3.3. The Influence of CaO on the Distribution of Sulfur in the Roasted Products

In order to reveal the law of sulfur conversion during the roasting process, the roasted products under different CaO dosage were analyzed for sulfur phases. The results are shown in Figure 7.

Figure 7 presents that when no CaO was added for roasting, the sulfur in the roasted product mainly occurred in the form of troilite and sulfate, and the distribution ratio of sulfur was 95.15% and 4.85%, respectively. It shows that the sulfur in the pyrite after reduction roasting mainly produced troilite; that is, reactions (4)–(6) occurred. When the amount of CaO was 5 wt%, the distribution ratio of sulfur in oldhamite and troilite was 68.27% and 26.92%, respectively. This was because CaO and gaseous sulfur reacted (7) and (8) to produce oldhamite, which inhibited the progress of the reaction (6) between gaseous sulfur and metallic iron. As the amount of CaO continued to increase, the sulfur in the oldhamite gradually increased, and the sulfur in the troilite gradually decreased. When the amount of CaO was 15 wt%, the distribution ratio of sulfur in oldhamite rose to 91.27%, and the distribution ratio of sulfur in troilite decreased to 4.85%. The results revealed that reactions (7) and (8) were further enhanced, and reaction (6) was further suppressed.

3.4. The Influence of CaO on the Microstructure of the Roasted Products

The SEM images of the roasted products with additive CaO dosages of 0, 5 wt%, 10 wt%, and 15 wt% are shown in Figure 8. The SEM-EDS images and elemental surface scanning images of the roasted products without CaO and with 15 wt% CaO are shown in Figure 9 and

Table 5. Chemical composition of points indicated in Figure 9 (wt%).

Point	C	S	Ca	Fe	Phase
1	0.27	36.17	0.25	63.31	Troilite
2	0.18	44.10	54.97	0.75	Oldhamite

.

It can be seen from Figure 8 and Figure 9 and Table 5 that the sulfur-containing minerals in the roasted products were mainly troilite in the absence of CaO. These troilite were closely connected with iron particles and were difficult to effectively remove by grinding and magnetic separation, resulting in high sulfur content in reduced iron products. The sulfur-containing minerals in the roasted products after adding CaO were mainly oldhamite. This oldhamite was distributed in independent gangue structures, and the amount closely connected with metallic iron particles was very small. It was easy to remove in the grinding and magnetic separation process, thereby reducing the sulfur content in the reduced iron product. The iron particles when CaO was not added were larger than those after CaO was added, indicating that the addition of CaO was not conducive to the melting and aggregation of iron particles.

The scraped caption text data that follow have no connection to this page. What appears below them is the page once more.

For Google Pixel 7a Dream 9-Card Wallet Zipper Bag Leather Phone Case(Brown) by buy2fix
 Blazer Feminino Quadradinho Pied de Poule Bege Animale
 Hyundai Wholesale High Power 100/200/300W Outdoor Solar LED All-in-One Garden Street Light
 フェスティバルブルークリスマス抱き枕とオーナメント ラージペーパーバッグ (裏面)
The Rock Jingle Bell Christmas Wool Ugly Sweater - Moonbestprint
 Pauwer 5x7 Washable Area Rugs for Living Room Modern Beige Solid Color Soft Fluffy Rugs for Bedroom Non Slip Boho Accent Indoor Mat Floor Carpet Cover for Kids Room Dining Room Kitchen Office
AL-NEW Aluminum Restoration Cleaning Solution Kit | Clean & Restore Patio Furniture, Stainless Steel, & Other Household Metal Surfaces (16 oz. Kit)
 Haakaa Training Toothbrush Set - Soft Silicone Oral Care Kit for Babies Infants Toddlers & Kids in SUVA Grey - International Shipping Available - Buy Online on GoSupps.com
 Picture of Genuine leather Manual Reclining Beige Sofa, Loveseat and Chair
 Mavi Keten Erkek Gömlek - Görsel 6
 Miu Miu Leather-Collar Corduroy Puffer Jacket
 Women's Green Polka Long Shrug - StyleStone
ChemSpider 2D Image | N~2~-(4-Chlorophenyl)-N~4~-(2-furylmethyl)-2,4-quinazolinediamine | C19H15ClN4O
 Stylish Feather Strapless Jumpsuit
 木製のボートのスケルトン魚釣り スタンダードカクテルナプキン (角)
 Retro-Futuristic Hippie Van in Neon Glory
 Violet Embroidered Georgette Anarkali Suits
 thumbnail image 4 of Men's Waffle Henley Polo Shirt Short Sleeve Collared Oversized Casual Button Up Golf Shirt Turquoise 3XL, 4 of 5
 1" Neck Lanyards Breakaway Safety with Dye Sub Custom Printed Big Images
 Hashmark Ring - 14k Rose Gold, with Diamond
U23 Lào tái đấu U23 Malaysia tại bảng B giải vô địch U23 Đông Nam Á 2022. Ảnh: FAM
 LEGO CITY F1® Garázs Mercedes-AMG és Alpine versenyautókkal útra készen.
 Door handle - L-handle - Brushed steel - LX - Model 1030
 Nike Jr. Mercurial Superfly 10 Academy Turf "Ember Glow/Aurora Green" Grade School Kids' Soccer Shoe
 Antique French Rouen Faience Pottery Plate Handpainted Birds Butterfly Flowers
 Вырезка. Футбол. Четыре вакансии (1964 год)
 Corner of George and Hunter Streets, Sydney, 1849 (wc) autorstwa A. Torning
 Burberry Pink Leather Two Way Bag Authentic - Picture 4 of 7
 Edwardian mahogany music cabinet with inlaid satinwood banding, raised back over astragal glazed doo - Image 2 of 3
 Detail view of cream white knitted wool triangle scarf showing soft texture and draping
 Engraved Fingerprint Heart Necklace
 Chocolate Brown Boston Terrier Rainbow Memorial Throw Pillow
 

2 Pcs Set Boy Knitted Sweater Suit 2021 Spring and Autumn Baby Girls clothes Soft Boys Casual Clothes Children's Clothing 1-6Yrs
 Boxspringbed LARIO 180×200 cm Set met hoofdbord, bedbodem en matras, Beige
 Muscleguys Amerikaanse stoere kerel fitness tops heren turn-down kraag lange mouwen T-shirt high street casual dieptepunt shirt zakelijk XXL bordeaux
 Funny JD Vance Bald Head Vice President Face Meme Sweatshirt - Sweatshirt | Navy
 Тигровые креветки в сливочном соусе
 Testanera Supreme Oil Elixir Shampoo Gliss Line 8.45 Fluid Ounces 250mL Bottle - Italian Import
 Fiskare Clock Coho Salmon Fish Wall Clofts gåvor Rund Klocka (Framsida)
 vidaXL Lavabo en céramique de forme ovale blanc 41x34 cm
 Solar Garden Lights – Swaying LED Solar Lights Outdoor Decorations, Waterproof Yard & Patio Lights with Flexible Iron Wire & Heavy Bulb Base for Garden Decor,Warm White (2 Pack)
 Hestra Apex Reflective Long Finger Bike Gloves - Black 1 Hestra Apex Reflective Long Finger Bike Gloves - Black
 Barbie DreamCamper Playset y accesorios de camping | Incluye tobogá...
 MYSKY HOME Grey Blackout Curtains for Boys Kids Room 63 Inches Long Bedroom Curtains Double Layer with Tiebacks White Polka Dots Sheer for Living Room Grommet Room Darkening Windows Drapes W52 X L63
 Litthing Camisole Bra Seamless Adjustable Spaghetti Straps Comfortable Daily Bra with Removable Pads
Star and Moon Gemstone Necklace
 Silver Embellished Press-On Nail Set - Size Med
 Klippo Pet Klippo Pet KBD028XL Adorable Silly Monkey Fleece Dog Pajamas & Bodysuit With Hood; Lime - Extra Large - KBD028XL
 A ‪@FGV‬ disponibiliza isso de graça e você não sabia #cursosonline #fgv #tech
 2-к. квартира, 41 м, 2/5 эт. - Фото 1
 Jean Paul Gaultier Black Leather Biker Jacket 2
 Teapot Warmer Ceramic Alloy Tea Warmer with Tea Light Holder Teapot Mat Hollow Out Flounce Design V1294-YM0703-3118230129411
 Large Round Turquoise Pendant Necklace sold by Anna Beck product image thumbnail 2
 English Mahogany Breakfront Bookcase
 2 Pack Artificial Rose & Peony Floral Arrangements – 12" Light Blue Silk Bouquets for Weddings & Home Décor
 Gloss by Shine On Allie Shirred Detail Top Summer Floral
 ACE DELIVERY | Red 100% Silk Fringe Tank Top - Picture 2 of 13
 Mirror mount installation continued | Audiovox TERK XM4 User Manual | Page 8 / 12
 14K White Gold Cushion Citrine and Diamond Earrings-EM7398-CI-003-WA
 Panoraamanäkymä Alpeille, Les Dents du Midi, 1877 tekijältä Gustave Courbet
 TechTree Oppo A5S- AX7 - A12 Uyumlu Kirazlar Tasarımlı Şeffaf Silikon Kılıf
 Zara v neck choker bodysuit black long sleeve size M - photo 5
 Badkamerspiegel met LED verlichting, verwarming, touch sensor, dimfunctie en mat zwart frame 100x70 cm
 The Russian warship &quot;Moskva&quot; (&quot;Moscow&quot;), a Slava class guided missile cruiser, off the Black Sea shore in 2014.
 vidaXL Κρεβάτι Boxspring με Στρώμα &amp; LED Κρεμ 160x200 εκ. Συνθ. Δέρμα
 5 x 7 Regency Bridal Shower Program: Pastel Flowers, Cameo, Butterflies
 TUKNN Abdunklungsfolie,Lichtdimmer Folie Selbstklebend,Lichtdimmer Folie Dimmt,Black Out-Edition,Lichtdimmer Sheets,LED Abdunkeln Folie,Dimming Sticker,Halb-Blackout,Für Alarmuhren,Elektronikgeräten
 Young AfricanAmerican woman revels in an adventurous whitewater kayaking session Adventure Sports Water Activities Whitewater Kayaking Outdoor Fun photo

When the amount of CaO was 15 wt%, the inclusion structure of some gangue minerals can be clearly seen in the roasted products, as shown in Figure 10 and

Table 6. Chemical composition of points indicated in Figure 10 (wt%).

Point	O	S	Ca	Si	Fe	Phase
1	-	44.69	54.92	0.39	-	Oldhamite
2	41.02	-	34.40	24.21	0.37	Wollastonite

. Figure 10 and Table 6 showed that the thin layer outside of the package was mainly gangue minerals such as wollastonite, and the middle package was mainly oldhamite. These inclusions and iron particles were not intercalated with each other. So, they were easily removed through the grinding and magnetic separation process.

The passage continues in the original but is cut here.